Passing a 2d array of unkown size

[dannyzimbabwe]

Code:

#include <iostream>

using namespace std;

void show(int **array, int size)
{
    for (int i = 0; i < size; i++)
    {
        for (int j = 0; j < size; j++)
        {
            cout <<array[i][j];
        }
        cout << endl;
    }
}

int main()
{
    int array[4][4] =
    {
        { 1, 1, 1, 1 },
        { 1, 0, 0, 1 },
        { 1, 0, 0, 1 },
        { 1, 1, 1, 1 }
    };

    show(array, 4);

    return 0;
}

error: cannot convert `int (*)[4]' to `int**' for argument `1' to `void show(int**, int)'

I need to pass 2d n by n arrays to a function. However, the sizes will be different but the function will do the same thing. How would I go about doing this?

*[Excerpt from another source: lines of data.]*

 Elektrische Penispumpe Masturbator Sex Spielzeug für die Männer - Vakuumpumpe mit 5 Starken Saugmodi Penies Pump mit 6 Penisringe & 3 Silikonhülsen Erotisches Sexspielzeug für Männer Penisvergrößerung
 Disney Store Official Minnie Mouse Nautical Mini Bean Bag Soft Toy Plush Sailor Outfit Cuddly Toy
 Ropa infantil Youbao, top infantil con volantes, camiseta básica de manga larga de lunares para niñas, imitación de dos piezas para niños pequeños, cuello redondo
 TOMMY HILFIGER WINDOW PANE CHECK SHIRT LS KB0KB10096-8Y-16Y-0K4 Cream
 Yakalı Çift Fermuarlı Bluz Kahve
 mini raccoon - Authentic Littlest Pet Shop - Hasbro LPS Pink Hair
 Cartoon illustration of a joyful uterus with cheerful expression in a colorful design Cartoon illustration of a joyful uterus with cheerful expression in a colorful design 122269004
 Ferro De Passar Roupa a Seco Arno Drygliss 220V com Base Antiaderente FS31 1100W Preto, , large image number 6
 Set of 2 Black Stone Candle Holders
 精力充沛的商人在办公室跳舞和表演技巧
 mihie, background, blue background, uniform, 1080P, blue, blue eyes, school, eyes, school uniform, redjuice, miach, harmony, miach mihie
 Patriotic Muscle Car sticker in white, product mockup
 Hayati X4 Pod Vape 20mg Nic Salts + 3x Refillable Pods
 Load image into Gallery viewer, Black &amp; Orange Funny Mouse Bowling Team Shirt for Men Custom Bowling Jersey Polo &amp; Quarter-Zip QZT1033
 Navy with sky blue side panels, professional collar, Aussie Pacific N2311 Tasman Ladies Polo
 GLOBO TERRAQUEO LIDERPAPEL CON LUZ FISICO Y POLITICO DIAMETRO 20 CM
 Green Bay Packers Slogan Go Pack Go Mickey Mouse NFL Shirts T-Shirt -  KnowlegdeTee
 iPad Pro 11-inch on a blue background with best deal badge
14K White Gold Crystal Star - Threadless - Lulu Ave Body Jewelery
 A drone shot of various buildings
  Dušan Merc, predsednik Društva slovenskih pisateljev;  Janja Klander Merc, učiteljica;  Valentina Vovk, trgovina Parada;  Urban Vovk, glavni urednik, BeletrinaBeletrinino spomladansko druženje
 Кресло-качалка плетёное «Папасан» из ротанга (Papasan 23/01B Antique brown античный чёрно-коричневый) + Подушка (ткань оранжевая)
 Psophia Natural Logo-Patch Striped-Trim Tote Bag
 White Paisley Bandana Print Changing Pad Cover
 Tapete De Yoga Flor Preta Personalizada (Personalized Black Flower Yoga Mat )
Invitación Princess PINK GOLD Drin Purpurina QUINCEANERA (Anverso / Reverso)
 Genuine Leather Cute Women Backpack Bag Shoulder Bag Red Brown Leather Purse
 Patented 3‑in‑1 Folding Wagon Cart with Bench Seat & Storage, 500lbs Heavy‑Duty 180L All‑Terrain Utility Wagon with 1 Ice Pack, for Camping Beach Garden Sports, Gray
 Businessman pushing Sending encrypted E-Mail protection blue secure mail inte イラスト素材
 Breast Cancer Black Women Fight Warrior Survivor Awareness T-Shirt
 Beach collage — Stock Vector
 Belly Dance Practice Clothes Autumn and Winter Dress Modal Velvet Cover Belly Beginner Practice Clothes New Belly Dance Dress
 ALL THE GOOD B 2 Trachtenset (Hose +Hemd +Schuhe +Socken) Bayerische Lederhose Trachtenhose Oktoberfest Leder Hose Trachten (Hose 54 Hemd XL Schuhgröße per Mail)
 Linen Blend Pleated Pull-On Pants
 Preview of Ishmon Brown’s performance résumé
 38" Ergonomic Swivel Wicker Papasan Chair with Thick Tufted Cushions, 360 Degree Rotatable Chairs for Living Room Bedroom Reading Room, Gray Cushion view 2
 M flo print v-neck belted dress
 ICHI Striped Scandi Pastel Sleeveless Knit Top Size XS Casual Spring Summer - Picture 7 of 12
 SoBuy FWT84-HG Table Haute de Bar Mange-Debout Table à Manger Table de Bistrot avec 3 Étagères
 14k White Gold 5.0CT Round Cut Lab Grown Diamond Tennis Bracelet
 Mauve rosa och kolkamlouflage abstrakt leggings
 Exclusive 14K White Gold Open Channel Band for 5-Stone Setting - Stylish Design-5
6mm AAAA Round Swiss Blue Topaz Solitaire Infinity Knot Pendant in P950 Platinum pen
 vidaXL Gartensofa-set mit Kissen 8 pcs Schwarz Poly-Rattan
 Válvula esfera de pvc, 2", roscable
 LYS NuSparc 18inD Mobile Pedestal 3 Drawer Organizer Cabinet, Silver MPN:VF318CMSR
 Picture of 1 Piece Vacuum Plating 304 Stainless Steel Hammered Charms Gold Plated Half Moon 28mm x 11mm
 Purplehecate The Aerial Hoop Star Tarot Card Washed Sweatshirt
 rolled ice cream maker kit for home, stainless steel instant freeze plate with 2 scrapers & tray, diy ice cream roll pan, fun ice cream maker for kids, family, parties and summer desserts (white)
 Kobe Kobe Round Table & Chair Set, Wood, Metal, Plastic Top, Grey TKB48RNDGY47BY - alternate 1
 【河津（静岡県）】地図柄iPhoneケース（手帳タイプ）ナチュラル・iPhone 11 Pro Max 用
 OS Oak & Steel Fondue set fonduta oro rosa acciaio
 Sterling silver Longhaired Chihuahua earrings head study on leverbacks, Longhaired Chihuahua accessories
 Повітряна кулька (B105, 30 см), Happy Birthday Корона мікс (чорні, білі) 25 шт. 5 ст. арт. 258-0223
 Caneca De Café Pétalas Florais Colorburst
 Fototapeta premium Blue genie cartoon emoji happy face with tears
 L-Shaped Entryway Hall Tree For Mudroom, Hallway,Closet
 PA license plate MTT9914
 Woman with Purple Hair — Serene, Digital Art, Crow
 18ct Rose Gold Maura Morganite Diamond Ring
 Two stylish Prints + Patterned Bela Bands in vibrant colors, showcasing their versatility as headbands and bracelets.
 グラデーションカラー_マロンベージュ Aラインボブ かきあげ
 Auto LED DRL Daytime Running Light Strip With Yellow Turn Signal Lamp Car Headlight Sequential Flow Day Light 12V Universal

Thanks for any help and suggestions

[anon]

You could definitely pass a one-dimensional "view" of the array.

Code:

#include <iostream>

using namespace std;

void show(int *array, int row_count, int col_count)
{
    for (int i = 0; i < row_count; i++)
    {
        for (int j = 0; j < col_count; j++)
        {
            cout <<*array;
            ++array;
        }
        cout << endl;
    }
}

int main()
{
    int array[4][4] =
    {
        { 1, 1, 1, 1 },
        { 1, 0, 0, 1 },
        { 1, 0, 0, 1 },
        { 1, 1, 1, 1 }
    };

    show(array[0], 4, 4);

    return 0;
}

[JVene]

You've encountered one of the reasons it's better to use a vector, where size is part of the vector class - or, better still (more flexible) to pass an iterator to the vector.

[hk_mp5kpdw]

In such cases, you'd need to at least be able to specify the last dimension of the array for what you were trying to actually work.

Code:

void show(int *array[4], int size)

[dannyzimbabwe]

Thank you all for the help. I will use anon's solution until I can learn to design it better.